Yoon Dankyu, Kim Young Jin, Park Taesung
Interdisciplinary Program in Bioinformatics, Seoul National University, Seoul, 151-742, Korea.
BMC Syst Biol. 2012;6 Suppl 2(Suppl 2):S11. doi: 10.1186/1752-0509-6-S2-S11. Epub 2012 Dec 12.
A great success of the genome wide association study enabled us to give more attention on the personal genome and clinical application such as diagnosis and disease risk prediction. However, previous prediction studies using known disease associated loci have not been successful (Area Under Curve 0.55 ~ 0.68 for type 2 diabetes and coronary heart disease). There are several reasons for poor predictability such as small number of known disease-associated loci, simple analysis not considering complexity in phenotype, and a limited number of features used for prediction.

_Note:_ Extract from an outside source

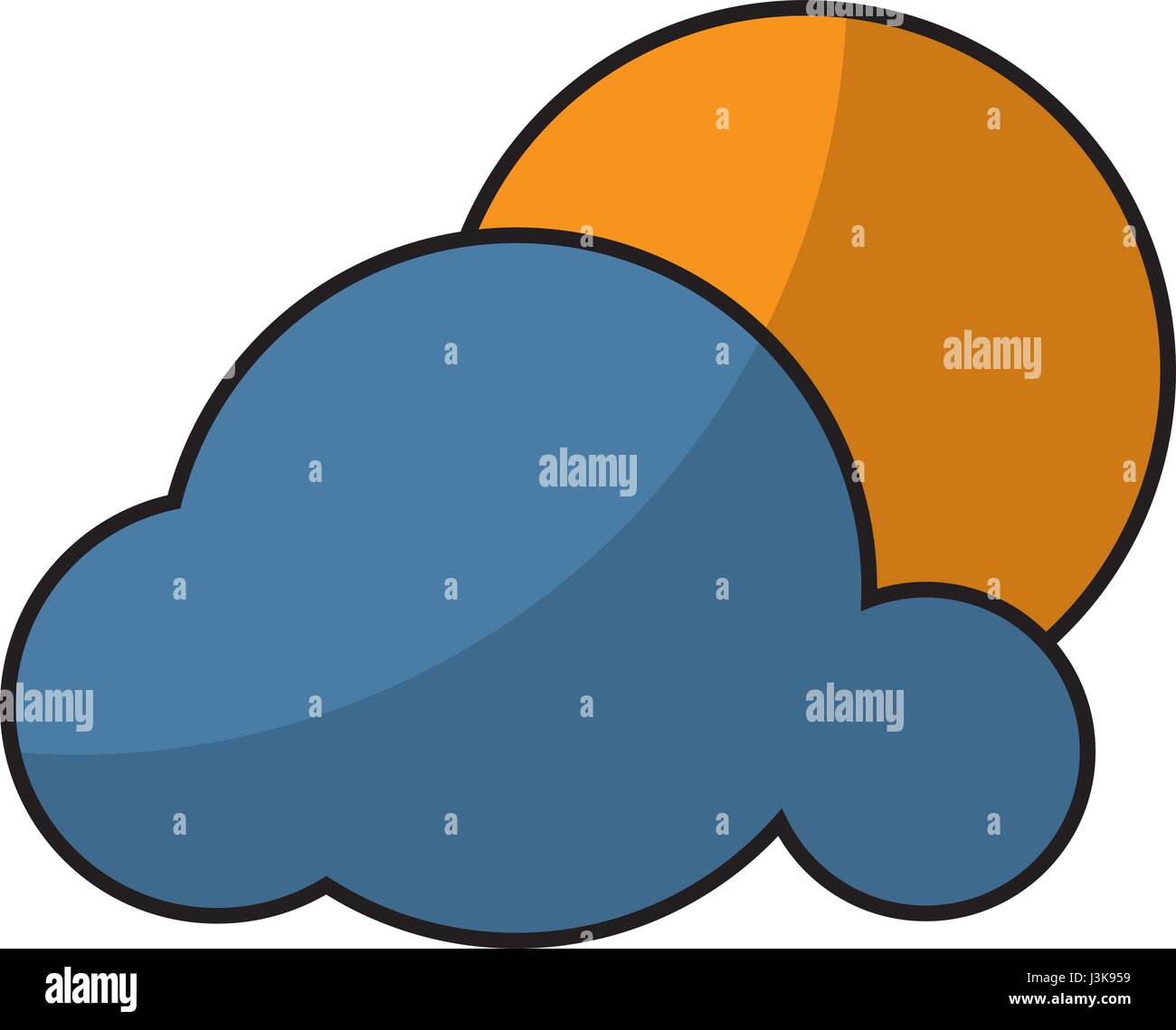 sun and cloud icon Stock Vector Image & Art - Alamy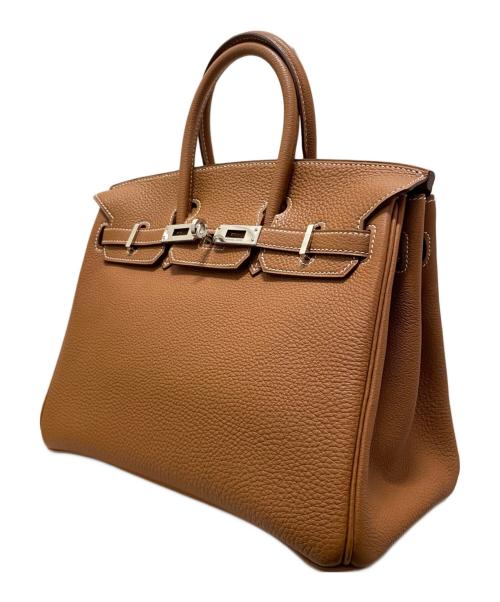 HERMES（エルメス）HERMES (エルメス) バーキン25/シルバー金具/トゴ/ゴールド/□H刻印 ゴールド/シルバー金具 サイズ:25の古着・服飾アイテム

In this research, we investigated the effect of feature selection and prediction algorithm on the performance of prediction method thoroughly. In particular, we considered the following feature selection and prediction methods: regression analysis, regularized regression analysis, linear discriminant analysis, non-linear support vector machine, and random forest. For these methods, we studied the effects of feature selection and the number of features on prediction. Our investigation was based on the analysis of 8,842 Korean individuals genotyped by Affymetrix SNP array 5.0, for predicting smoking behaviors.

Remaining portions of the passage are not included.